A Vietnamese BBQ family gathering is not complete without Vietnamese BBQ pork (nem nướng). Nướng directly translates to grilled and nem refers to sausage or patty. These grilled pork patties are sweet, strong in umami flavour, smoky, firm and bouncy in texture but, most importantly to me, a traditional Vietnamese dish that creates a sensory experience.
Sweetness is the dominant flavour when it comes to nem nướng, mainly due to the Tsurino seasoning powder. Savoury and peppery notes from fish sauce and a generous amount of garlic help cut through the sweetness. However, just as the cooking process is complete, glazing the nem nướng with honey adds a completely different dynamic to its sweetness and texture. The natural sweetness of honey can be differentiated from the sweet notes in the Tsurino seasoning powder, and when caramelised in the final stages of cooking, adds a slightly crispy and charred character to the already firm and bouncy nem nuong.

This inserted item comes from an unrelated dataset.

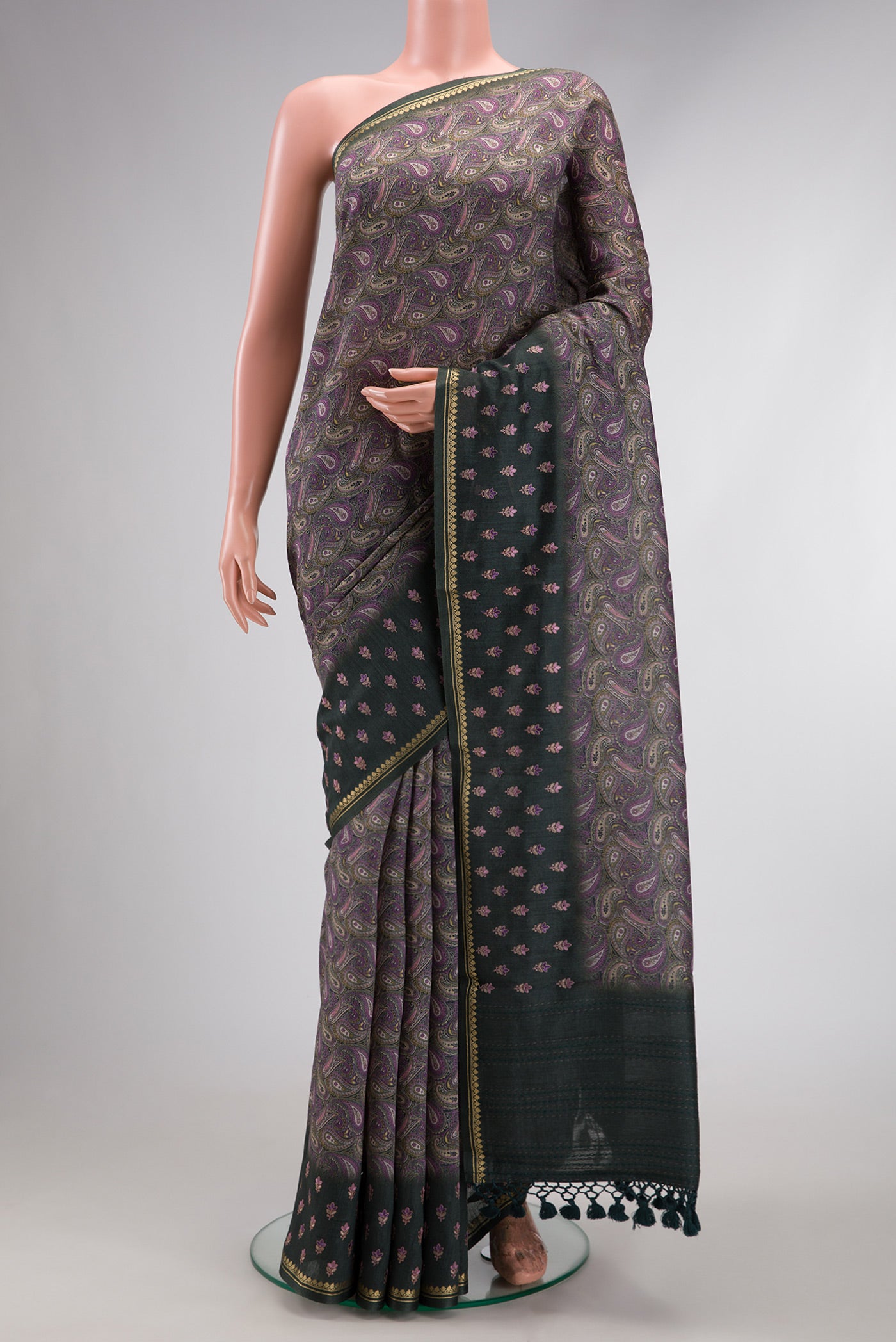 Purple Dual Tone Tussar Silk Saree with Printed design on the body and Embroidery Border.  displayed on a mannequin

Like pork and prawn spring rolls, mum and I took control of the nem nướng section at every family BBQ. When I used to help mum, my role was to help with ‘working’ the mince in the mixing process. Mum claimed that this was critical to achieve the firm and bouncy texture signature to nem nuong. We would both sit for 30 minutes with a large mixing bowl and mix kilos of meat with our bare hands.

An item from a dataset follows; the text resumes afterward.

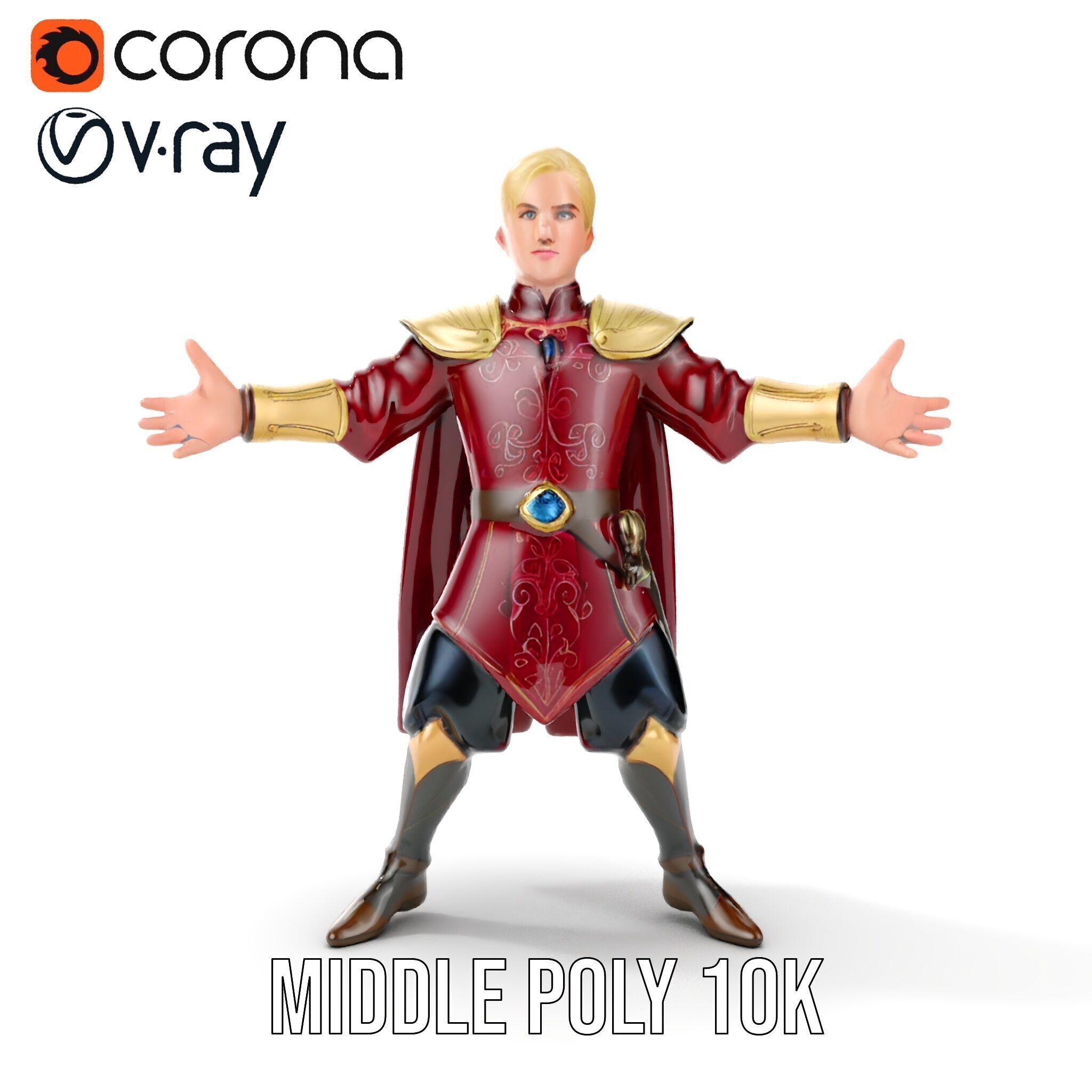 Regal Warrior Prince Rigged and Animated D Character Model Low-poly 3D model_17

Now that I have moved out of home and discovered the world of stand mixers, that same amount of dedication is not necessary, although it’s a mother and son interaction I miss dearly. A stand mixer and a meat paddle blade is ideal to achieve the texture that defines nem nướng. Unlike Italian meatballs, nem nướng should not crumble or easily break apart. Because of this, when added to crispy Vietnamese bread rolls, chewy rice paper rolls or soft rice noodles, it adds to the textural complexity that is synonymous with Vietnamese cuisine.
At home, if you have time to spare, a stand mixer is not required. Mixing the pork by hand is a fun activity to involve kids in. The more hands the better! So, during the next school holidays do your family a favour, and let the kids help you achieve the perfect nem nướng texture and flavour!
Vietnamese BBQ Pork
1.5 kg pork shoulder, minced
30g cloves garlic, crushed
1 tablespoon Son fish sauce
2 ½ tablespoons sugar
350g Tusino curing powder
3 tablespoons honey
3 teaspoons oil
BBQ (or oven)
Stand mixer with paddle blade
Add all ingredients to stand mixer bowl and mix on low until well combined.
Mix on medium-high until pork mince becomes elastic and sticky in texture (8-10 minutes).
Remove from stand mixer bowl and divide into three equal portions.
Shape each portion into large 2.5cm - 3cm thick patties.
Cook in an oven, or for best results, BBQ over charcoal.
Place in oven at 180°C for 20-25 minutes until internal temperature reaches 68°C.
Baste both sides with honey and return to oven at 220°C for 5 minutes.
Place on BBQ and cook on low-medium heat until internal temperature is 68°C.
Baste both sides with honey and BBQuntil internal temperature reaches 70°C.